What It’s Like Operating a Honolulu Care Home During a Pandemic

Here’s how Caring Mānoa keeps up social distancing while making sure residents maintain quality of life.

Editor’s Note: For our July issue of HONOLULU, we searched for stories from people all around O‘ahu about the moment COVID-19 became real to them. We spoke with a critical care nurse, care home operators, a mail carrier, a hotel worker who lost her job, a police captain and more back in April and May about the ways their lives at work and at home suddenly changed. Check back on honolulumagazine.com every week for a new story. Pick up the issue on newsstands in late June, subscribe or visit our online store.


Todd Pang, 38, is president of Caring Mānoa and lives in Kaka‘ako. Here’s the full version of his story in his own words, as told to Martha Cheng.

  todd pang


When I first heard about the new coronavirus, part of me was like, “It’s just another virus in China.” I lived there through bird flu in 2006 and that was a surreal time, but relatively painless. It didn't really hit me until sometime in January—then I began to think, this is going to become a risk outside of China. I started taking actions to be a few steps ahead. And some of my residents families were upset by the things we put into place very early on, like restricting visitors.
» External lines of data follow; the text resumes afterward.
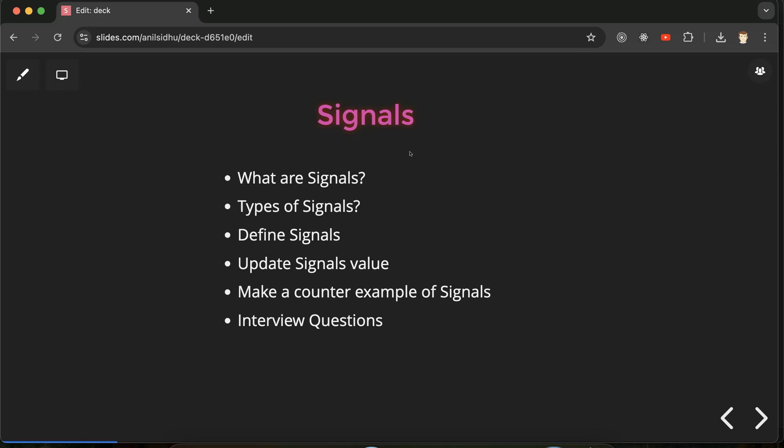Signals are a big topic in Angular, so we cannot cover everything in a single part. Here you will get the basic idea, examples, and the types of signals. In the next parts we'll discuss writable signals, computed signals, and the effect feature, and we'll also see how we can update array and object values inside signals. There will be three or four videos on signals in total, and in this part we'll cover the basic things.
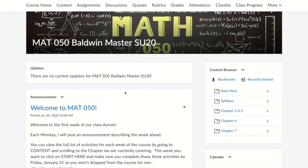Professor Baldwin here to show you how to post in a D2L discussion board. From the course homepage, click on the discussions link at the top of the page.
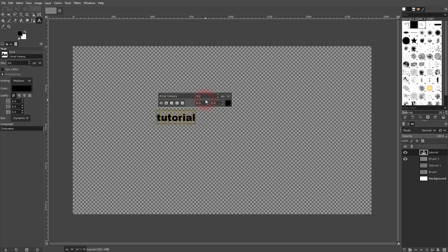You can adjust the font, the size, whatever. Let me just increase the spacing a little bit. I'll make it maybe 20.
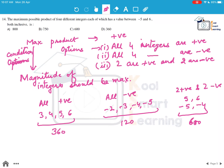Without even fully computing, we can see that the magnitudes are largest in the two-positive two-negative case. So the maximum product is 600, and the answer is option C.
But eventually, they kind of came around.


It’s a tragedy that with social distancing, our residents and their families are missing an important part of their identities. Those daily or weekly visits, even if mundane, give a feeling of normalcy and completeness to their lives. We have 16 residents, some in their late 60s, and up until a few years ago, our oldest was 107. For some seniors, living longer isn’t even necessarily appealing to them. It’s about their relationships and a higher quality of life. Pre-Coronavirus we used to encourage group interaction among our residents and their families—with 11 big potluck parties a year where all the families join for games and activities. But we had to stop doing that. Without the grand parties and the intimate visits, then what is there left for them?
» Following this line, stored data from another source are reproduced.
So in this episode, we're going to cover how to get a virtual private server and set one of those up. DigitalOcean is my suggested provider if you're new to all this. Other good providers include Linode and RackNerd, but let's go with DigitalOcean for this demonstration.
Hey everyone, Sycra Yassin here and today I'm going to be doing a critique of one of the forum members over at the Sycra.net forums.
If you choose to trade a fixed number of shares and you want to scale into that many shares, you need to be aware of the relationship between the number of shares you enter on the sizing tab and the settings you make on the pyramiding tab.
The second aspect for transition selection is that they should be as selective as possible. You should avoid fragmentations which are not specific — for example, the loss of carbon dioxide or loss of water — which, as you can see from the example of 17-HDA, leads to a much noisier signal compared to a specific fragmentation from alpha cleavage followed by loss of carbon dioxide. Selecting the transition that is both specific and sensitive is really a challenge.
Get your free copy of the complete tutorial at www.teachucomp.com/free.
For my residents living with dementia, it’s difficult for them to understand the social distancing restrictions, but they totally get feelings of loneliness. For my residents who are more lucid and alert, using FaceTime and Zoom is novel, but not so gratifying to them. It’s like low fat ice cream or something. Not the real deal.
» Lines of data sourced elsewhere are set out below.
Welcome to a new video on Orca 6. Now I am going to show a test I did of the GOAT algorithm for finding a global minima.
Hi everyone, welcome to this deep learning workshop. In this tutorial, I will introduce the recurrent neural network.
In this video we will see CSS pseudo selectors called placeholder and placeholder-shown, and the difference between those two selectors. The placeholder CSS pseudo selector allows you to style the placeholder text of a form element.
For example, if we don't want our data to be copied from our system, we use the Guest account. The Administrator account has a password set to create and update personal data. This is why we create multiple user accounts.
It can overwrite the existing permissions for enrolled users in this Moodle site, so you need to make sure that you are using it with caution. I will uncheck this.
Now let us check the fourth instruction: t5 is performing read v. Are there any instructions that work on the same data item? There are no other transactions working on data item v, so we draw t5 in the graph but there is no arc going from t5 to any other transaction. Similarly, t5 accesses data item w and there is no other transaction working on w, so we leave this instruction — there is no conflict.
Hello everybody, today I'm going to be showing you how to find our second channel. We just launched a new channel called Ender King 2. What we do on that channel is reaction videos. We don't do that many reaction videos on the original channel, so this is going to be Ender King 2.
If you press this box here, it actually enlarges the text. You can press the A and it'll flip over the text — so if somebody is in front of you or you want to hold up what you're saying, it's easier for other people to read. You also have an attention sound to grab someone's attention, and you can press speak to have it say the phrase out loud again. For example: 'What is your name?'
SEE ALSO: What It’s Like Being a Restaurant Server Who Lost Her Job During the Pandemic


With COVID looming, we have been doubling down on bridging that physical gap. We just had a Mother’s Day Zoom party with 40 people. We have amped up our outreach to the families, and my staff have been doing an excellent job stepping up. Some have even gotten creative and made TikTok dancing videos with the residents to send to the families. But nonetheless, it’s not the same without a big fat party together every now and then.


On a personal level, I've gone back and forth between thinking life is really long and really short, especially since we just had our first child in January—it's like, oh my god, she is gonna grow up in a blink of an eye. So my main concern during coronavirus isolation, aside from basic logistical issues like child care and going stir crazy, is that my baby won't get to know her grandparents, and her grandparents will have FOMO for all her changes along the way.


I don’t know what the new normal is gonna be like. Maybe we’re never gonna have the same normal. Like remember when you could walk to the airport gate? Will it be like, remember the time that seniors used to attend parties? What are we going to do if we can’t do that anymore?